6. Räume, die zum Sondereigentum gehören, können abweichend von ihrem Bestimmungszweck nämlich nur dann anders genutzt werden, wenn die andersartige Nutzung nicht mehr stört oder beeinträchtigt als die bestimmungsgemäße. Nach der gebotenen typisierenden Betrachtungsweise stellt die Nutzung als Wohnung im festgestellten Umfang gegenüber einer solchen als Verkaufsladen oder Abstell- bzw. Hobbyraum gemäß der Zweckbestimmung eine intensivere und konfliktträchtigere Nutzung (vgl. hierzu allgemein Senat OLGR Frankfurt 2005, 58, und NZM 2006, 144) dar. Für diese Betrachtung ist der Gebrauch nach seiner Art und Durchführung zu konkretisieren und auf die örtlichen (Umfeld, Lage im Gebäude) und zeitlichen (etwa Öffnungszeiten) Verhältnisse zu beziehen.

7. Das größere Störpotential der Nutzung einer Einheit als Wohnung gegenüber einer Nutzung als Abstell- bzw.

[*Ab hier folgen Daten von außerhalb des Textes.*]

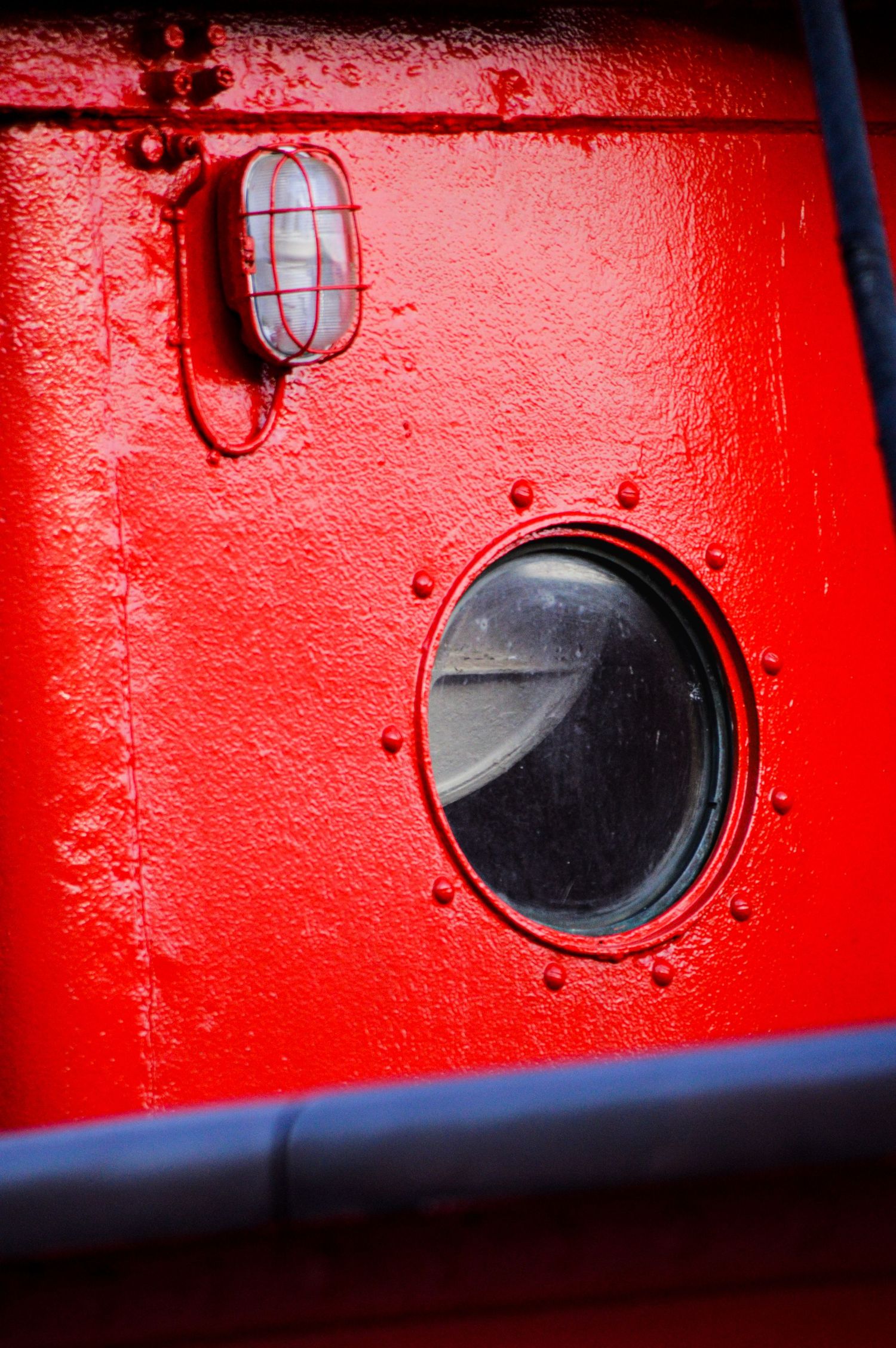 Red painted ship porthole windows in a row creating geometric pattern.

Hobbyraum ergibt sich schon daraus, dass Letztere wie auch sonstige Nebenräume bei einer Wohnung nicht zu dauernden Aufenthalt von Menschen bestimmt sind (BGH ZMR 2004,278 = NJW 2004, 364; BayObLG ZWE 2001, 432; Senat, Beschl. v. 08.03.2010 -20 W 324/2006).

8. Es entspricht allgemeiner Auffassung, dass dann, wenn ein Unterlassungsanspruch gemäß den §§ 15 Abs. 3 WEG, 1004 BGB bereits durch alle Wohnungseigentümer verwirkt ist, auch der Sonderrechtsnachfolger - auch wenn die Verwirkung nicht aus dem Grundbuch ersichtlich ist - an die entstandene Rechtslage gebunden ist, da er als Rechtsnachfolger mangels besonderer gesetzlicher Bestimmungen keine weitergehenden Recht hat, als seinem Rechtsvorgänger zuletzt zustanden (BayObLG NJW-RR 1991, 1041; OLG Zweibrücken FGPrax 2001, 183, 184; OLG Köln FGPrax 2006, 12, 13; OLG Celle NJW-RR 2007, 234; Senat, Beschl. v. 08.03.2010 -20 W 324/06).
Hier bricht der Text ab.